Hudson Taylor Wrestles Homophobia in Sports
You might think someone with that background might shy away from anything vaguely related to LGBT rights.
Taylor, however, competed last year wearing the logo of the Human Rights Campaign -- the largest LGBT advocacy organization in the country -- on his headgear, as Outsportsreported. He is now a Division I college wrestling coach at Columbia University, and is the only college coach of a male sports team to contribute a video to the "It Gets Better" campaign of hope for LGBT youth, according to his Web site.
And via Pat Griffin, Professor Emerita in the Social Justice Education Program at the University of Massachusetts, Amherst, comes news that Taylor has launched AthleteAlly, an initiative inviting people to pledge to reduce homophobia in sports.
The pledge reads:
I pledge to lead my athletic community toward respecting and welcoming all persons, regardless of their perceived or actual sexual orientation, gender identity or gender expression. Beginning right now, I will do my part to promote the best of athletics by making all players feel respected on and off the field.
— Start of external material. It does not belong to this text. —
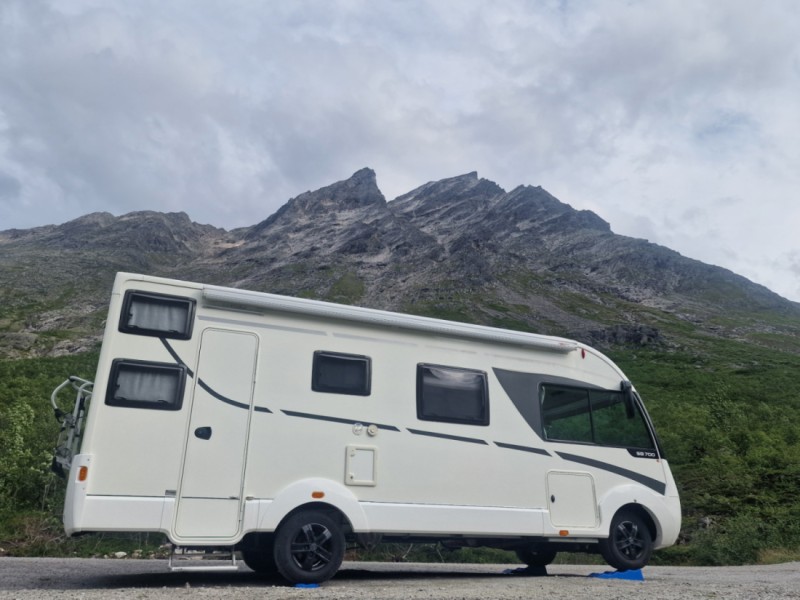 Itineo 700 sb Wohnmobil - Molde, Norwegen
You can visit his Web site to learn more and to sign the pledge.
Taylor is also planning a book of the same name, which will "make the case that sports can lead to change ... dig deep into the problem of homophobia ... [and] make change possible and practical."
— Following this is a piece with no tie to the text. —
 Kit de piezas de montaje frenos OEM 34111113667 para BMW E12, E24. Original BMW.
Homophobia and transphobia is rampant in most organized sports, as Change.org has written about before. Even the NCAA, overseer of collegiate athletics, ran ads on its Web site for the virulently anti-LGBT Focus on the Family before outrage from Change.org readers and others caused them to pull the ads. And Stuart Biegel and Sheila James Kuehl have written a lengthy study for the Williams Institute at UCLA Law School, showing how homophobia in school sports directly affects the safety of children and youth at school.
Change is happening, though. Griffin helped organize a session on homophobia in sport at the annual convention for members of the Women's Basketball Coaches Association (WBCA) last year. Equality California has partnered with the LA Clippers for an Equality Night fundraiser. Attend the Clippers game on February 2 and a portion of your ticket proceeds will go to Equality California. (You get a specially branded “Equality Night” t-shirt, too.)
And Boston Herald sports columnist Steve Buckley came out today, in a touching story that is well worth a read. He says at the end of his column, "It’s my hope that from now on I’ll be more involved. I’m not really sure what I mean by being 'involved,' but this is a start: I’m gay."